Pengaruh penduduk di tingkat lokal sangat besar terhadap kapasitas ekonomi yang karenanya mengkondisikan rata-rata pendapatan penduduk yang rendah sehingga tingkat permintaannya secara efektif juga menjadi lemah. Untuk keberlanjutan pembangunan internalnya, fenomena ini sangat berdampak pada dinamika perekonomiannya. Eksistensi infrastrruktur terlalu besar dibandingkan kemampuan produksinya, dan karena pendapatannya yang rendah, maka daya belinya secara agregat menjadi lemah untuk menunjang pembangunan internalnya. Diduga kehadiran infrastruktur wilayah tidak cenderung meningkatkan pelayanan terhadap masyarakat lokal, tetapi berorientasi pada dan mendukung kegiatan investasi besar dari masyarakat di luar wilayah.

4. Desa pesisir sebagai slowly developing/stagnan region
Sebagai konsekuensi rendahnya kapasitas produksi masyarakat dalam wilayah dan rendahnya eksistensi infrastruktur pelayanan dalam menggerakan perekonomiannya, maka desa-desa pesisir ini masuk dalam klasifikasi tipe wilayah periferi netral (slowly developing/stagnan region). Wilayah ini secara agregat memiliki kesulitan dalam perekonomiannya karena penarikan determinan pembangunan dari luar terlalu kuat, terutama SDA-nya, walaupun sebenarnya terdapat juga penarikan ke dalam dari determinan-determinan tersebut. Disebutkan agregat bermakna : secara keseluruhan desa-desa pesisir ini berada pada posisi yang lemah untuk bersaing dengan desa-desa lain. Diduga daya beli yang lemah ditemukan hampir pada seluruh hinterland karena masih kuatnya perilaku subsistensi masyarakat.
Internal spread effect yang diharapkan bisa menggerakkan pembangunan wilayah, tidak jalan dengan baik karena lebih banyak fenomena backwash effect yang berperan. Hinterland dengan potensi SDM-nya tidak termanfaatkan penuh untuk kegiatan-kegiatan tersebut ekonomi produktif. Mereka ditemukan banyak berada pada kelas pekerja yang menurut ukuran ekonominya berpendapatan rendah. Wilayah ini memiliki sumber daya yang terbatas sementara penduduknya hanya terkonsentrasi pada kegiatan-kegiatan yang berbasis perikanan tradisional.
Berdasarkan karakteristik tersebut, wilayah ini cenderung memiliki perkembangan pembangunan yang lambat, bahkan sering stagnan karena kegiatan ekonomi subsisten lebih dominan di sana. Ketergantungan mereka yang besar terhadap nilai sumber daya yang dimiliki tanpa sentuhan inovasi serta jarak terhadap pasar yang cukup jauh menjadi penyebab utama stagnasi dan lambatnya gerak pembangunan.

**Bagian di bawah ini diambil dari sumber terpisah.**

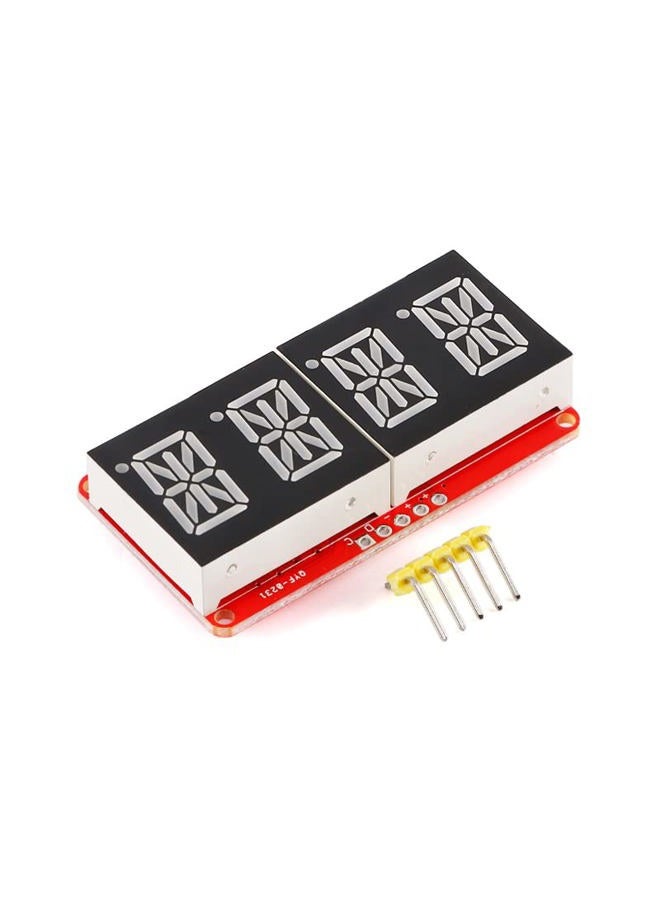 EC Buying EC Digital Orange 0.54 Inch 4-Digit LED Segment Display for Arduino - Image 3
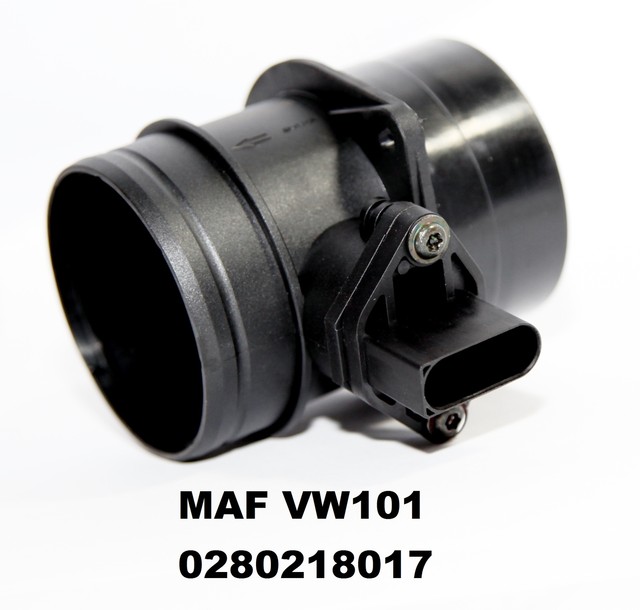 Mass Air Flow Sensor for VW 0103 EuroVan 9904 Jetta 9905 Golf V6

Strategi Pengembangan Desa-Desa Pesisir Berdasarkan Karakteristik Tipologi
Kajian karakteristik tipologi wilayah ini menyatakan bahwa perbedaan tipe desa-desa pesisir di Maluku masih ditemukan sebagai akibat dari tingkatan kapasitas produksi sumberdaya pesisir dan laut yang relatif berbeda, juga eksistensi infrastruktur dalam wilayah. Wilayah periferi aktif memiliki kesenjangan kapasitas produksi yang besar, sedangkan wilayah inti dan periferi netral berada pada suatu posisi keseimbangan ekonomi yang ditunjukkan oleh garis keseimbangan ekonomi O-E (Gambar 2).
Walaupun desa-desa yang termasuk dalam slowly developing/stagnating region memiliki pembangunan yang lambat dan sering stagnan, namun dua wilayah periferi lain (resource frontier region dan depressed region) lebih membutuhkan kebijakan pembangunan ekonomi wilayah. Sasarannya adalah mendorong kedua wilayah ini untuk masuk mendekati garis keseimbangan ekonomi (O-E). Model yang direkomendasikan dalam pengembangan desa-desa pesisir sebagaimana tergambar pada Gambar 2 memberikan bukti bahwa strategi yang dikembangkan akan cukup variatif sesuai dengan tipe-tipe desa pesisir.
Core region mendapat prioritas untuk tetap mempertahankan kapasitas produksi dan eksistensi infrastruktur, sambil menggerakan kegiatan pembangunannya mengarah pada garis keseimbangan O-E (i). Untuk resource frontier region, pengembangan infrastruktur dalam pengelolaan sumber-sumber menjadi prioritas utama (ii). Pada desa-desa pesisir dengan tipe depressed region sangat membutuhkan peningkatan kapasitas produksi melalui aliran inovasi teknologi, investasi dan peningkatan kualitas sumberdaya manusianya (iii). Sedangkan pada slowly developing/stagnating region, subtitusi inovasi (pengetahuan dan teknologi) menjadi prioritasnya dalam pengelolaan sumber-sumber, dan harus mampu didorong untuk meningkatkan kegiatan ekonomi wilayah melalui sentuhan inovasi teknologi serta menarik determinan pembangunan seperti potensi penduduk (tenaga kerja) dan investasi dalam mengefektifkan pengelolaan sumber-sumber dalam wilayah (iv).


PENUTUP

Kajian ini menemukan adanya perbedaan tipologi desa-desa pesisir, dimana dari empat tipe wilayah yang dibedakan berdasarkan eksistensi infrastruktur pelayanan dan kapasitas produksi sumber daya pesisir dan laut terdapat perbedaan yang tajam pada kedua faktor yang dikaji. Hasil ini menemukan adanya model pengembangan desa-desa pesisir dengan rumusan empat strategi umum pengembangan. Paling tidak temuan ini menjadi bagian penting untuk dijadikan model dan konsep dasar dalam penentuan kebijakan pengembangan desa-desa pesisir di Provinsi Maluku.


DAFTAR PUSTAKA

Anonimous, 1985. Data dan Informasi Perikanan dan Kelautan Provinsi Maluku. Dinas Perikanan dan Kelautan Provinsi Maluku, Ambon.
Budiharsono, S. 2001. Teknik Analisis Pembangunan Wilayah Pesisir dan Lautan. Pradnya Paramita, Jakarta. 159 halaman.
Rahmalia, E. 2003. Analisis Tipologi dan Pengembangan Desa-desa Pesisir Kota Bandar Lampung. Tesis. Institut Pertanian Bogor. Bogor.
Satria, A. 2002. Pengantar Sosiologi Masyarakat Pesisir. Cidesindo. Jakarta. 130 halaman.
Stohr, W., 1975. Regional Development; Experiences and Prospects in Latin America. Vol : 3. United Nations Research Institute For Social Development. Geneva. 186 pp.